Friday 25 August 2017
Amidst the excitement of GCSE results and commentary on the new grading system for English and maths yesterday, you may be forgiven for missing the fact that the latest quarterly statistical first release (SFR) from the Department for Education on young people not in education, employment or training (NEET) was also published.
The SFR confirmed the downward trend in the proportion of young people who are NEET over recent years, first reported in the annual ‘Participation in Education, Training and Employment’ SFR back in June. This latest NEET quarterly statistics brief, which provides more timely but less accurate estimates of young people NEET, showed the overall 16-24 year old NEET rate has decreased from 12.0 per cent a year ago to 11.4 per cent (not a statistically significant change) now.
The overall employment situation is also good at the moment. The Office for National Statistics (ONS) August 2017 release indicates that the unemployment rate for 16-64 year olds is 4.5 per cent.

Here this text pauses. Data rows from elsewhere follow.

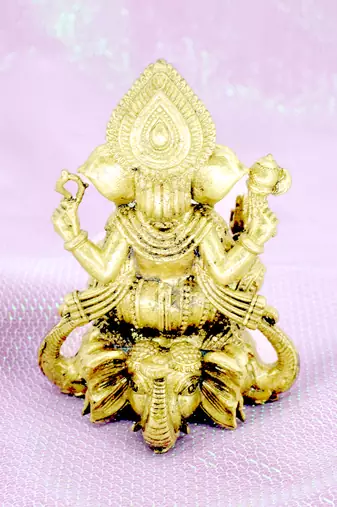 traditional god ganesha sitting on elephant brass gold plated idol(murti)
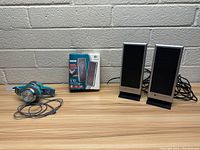 Lot includes two pairs of desktop computer speakers and one pair of turquoise wired headphones, with Logitech V10 speakers in original box.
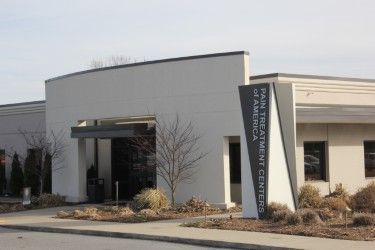 A large white building with a sign in front of it that says pain treatment center of america.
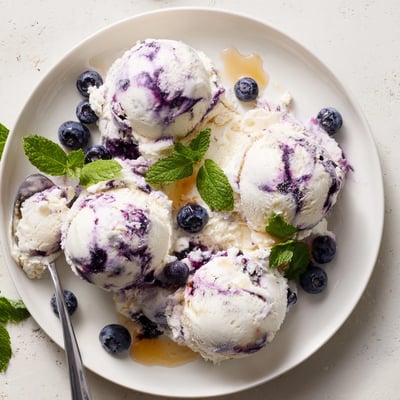 Blueberry Cottage Cheese Ice Cream served in a dish, topped with honey drizzle and mint garnish.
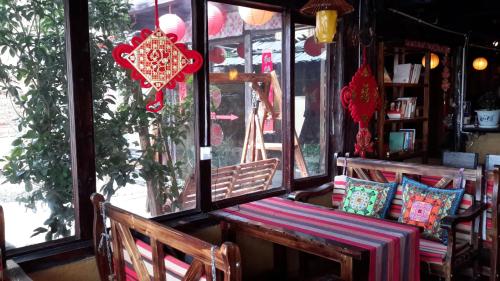 a bench sitting in front of a store window at Timeless Inn in Shangri-La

These figures are the lowest unemployment figures since 1975, indicating a buoyant labour market with high levels of employment.
It is also good news that UK youth unemployment is low compared to most of our European neighbours. In Quarter 4 2016, a House of Commons briefing paper reported that the UK has a youth unemployment rate, according to Eurostat, of 12.1 per cent. This was the seventh lowest rate among European economies and compares favourably to the European Union average of 18.1 per cent. In contrast, France was reported to have a youth unemployment rate of 25.0 per cent. Germany had the lowest youth unemployment rate at 6.0 per cent.
The latest ONS August 2017 release also indicates that the unemployment rate for 18-24 year olds is 10.8 per cent compared to 3.4 per cent for those aged 25 to 49 years old. Although having one in ten of our young people aged 18-24 unemployed is clearly too high, it is lower than in recent years, so is an encouraging sign.
But it’s not all good news…
In spite of Raising the Participation Age (RPA), worrying dropout rates from employment, education and training at 17 and 18 years old have persisted. For example, in Quarter 2 2017 4.4 per cent of 16 year olds were NEET, but this figure rose to 8.3 per cent at age 17 years old and 12.2 per cent at 18 years old.
The overall percentage of 16 to 18 year old young people NEET in Quarter 2 2017 is 8.4 per cent, the highest since 2013 (9.1 per cent). In Quarter 2 2016 8 per cent were NEET, in 2015 7.5 per cent were NEET and in 2014 8.1 per cent were NEET.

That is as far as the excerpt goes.